# EXERCISE MATERIAL
+---+
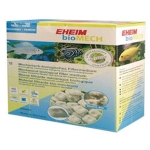 Eheim Pro/eXperience Bio Mech 1 Litre 2508051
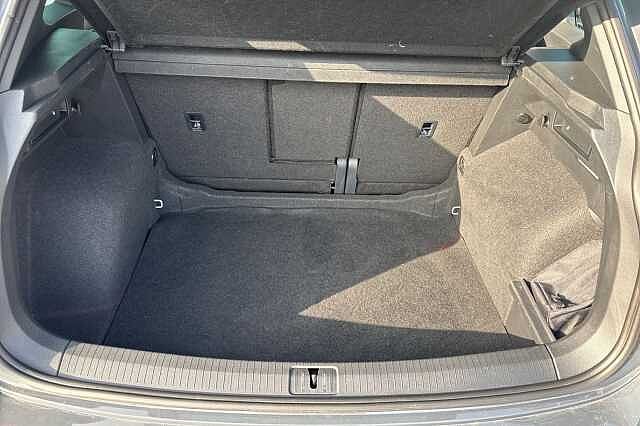Used Volkswagen Tiguan 2024 for sale - 76231873: Photo 11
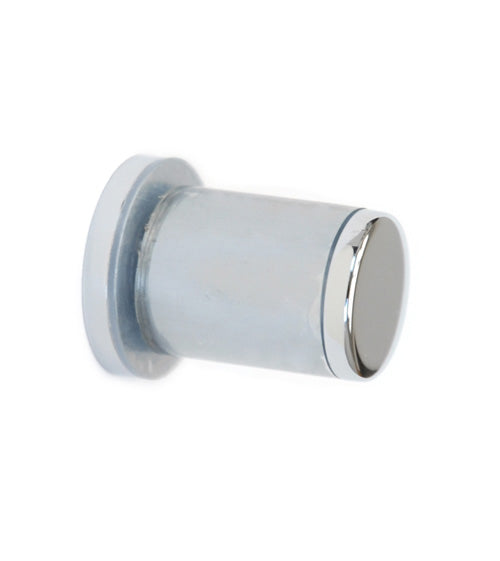 Knob For Tubular Bars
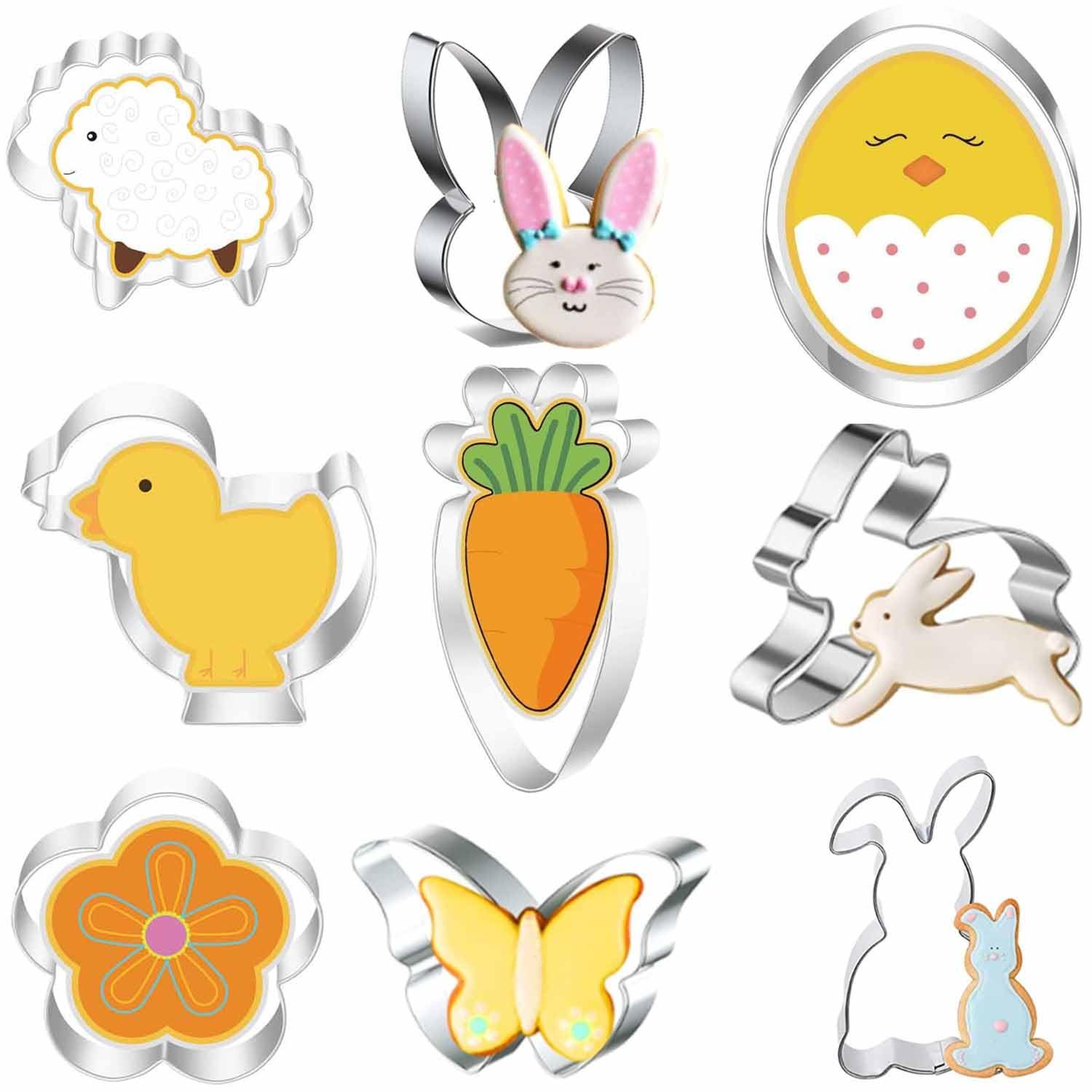 product-slider-images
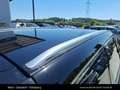 BYD Seal 6 DM-i Touring Boost "Harb Limited Edition" Schwarz - thumbnail 19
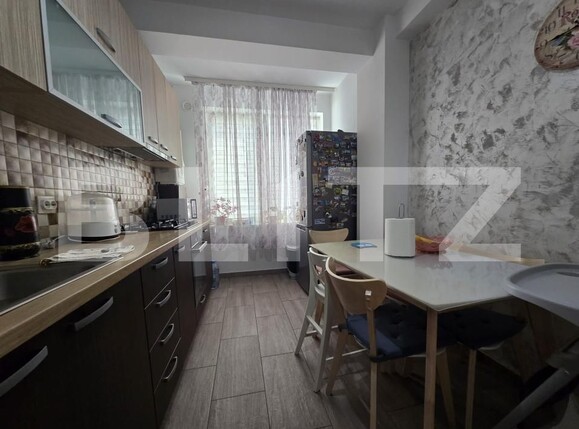 Apartament de vânzare 2 camere Calea Severinului - 174488AV | BLITZ Craiova | Poza6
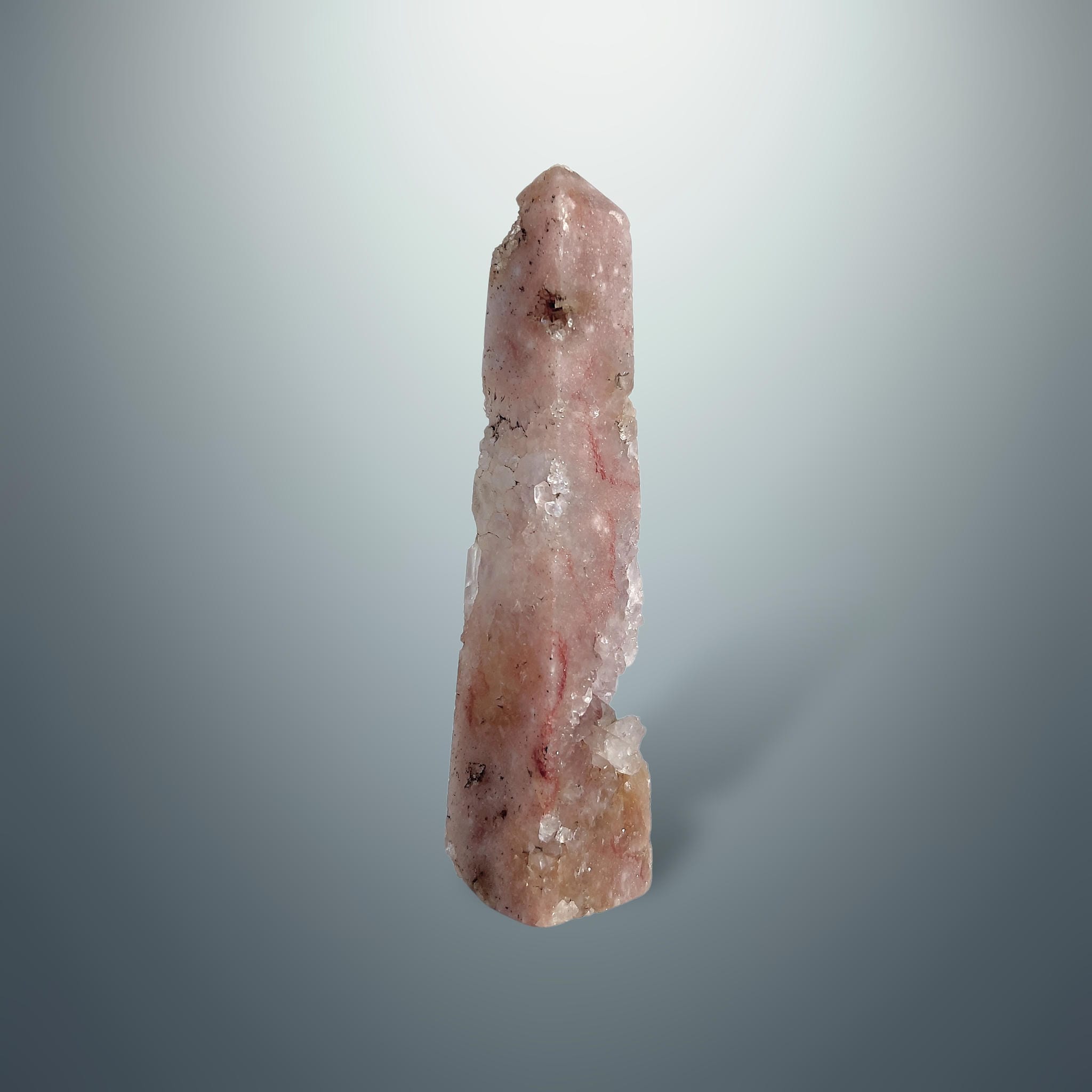 #piezas únicas_obelisco amatista rosa (con cristalización) 6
+---+
# WHAT TO DO
Output all of the records exactly as they appear above, but not the pictures.

# YOUR SOLUTION
 Eheim Pro/eXperience Bio Mech 1 Litre 2508051
Used Volkswagen Tiguan 2024 for sale - 76231873: Photo 11
 Knob For Tubular Bars
 product-slider-images
 BYD Seal 6 DM-i Touring Boost "Harb Limited Edition" Schwarz - thumbnail 19
 Apartament de vânzare 2 camere Calea Severinului - 174488AV | BLITZ Craiova | Poza6
 #piezas únicas_obelisco amatista rosa (con cristalización) 6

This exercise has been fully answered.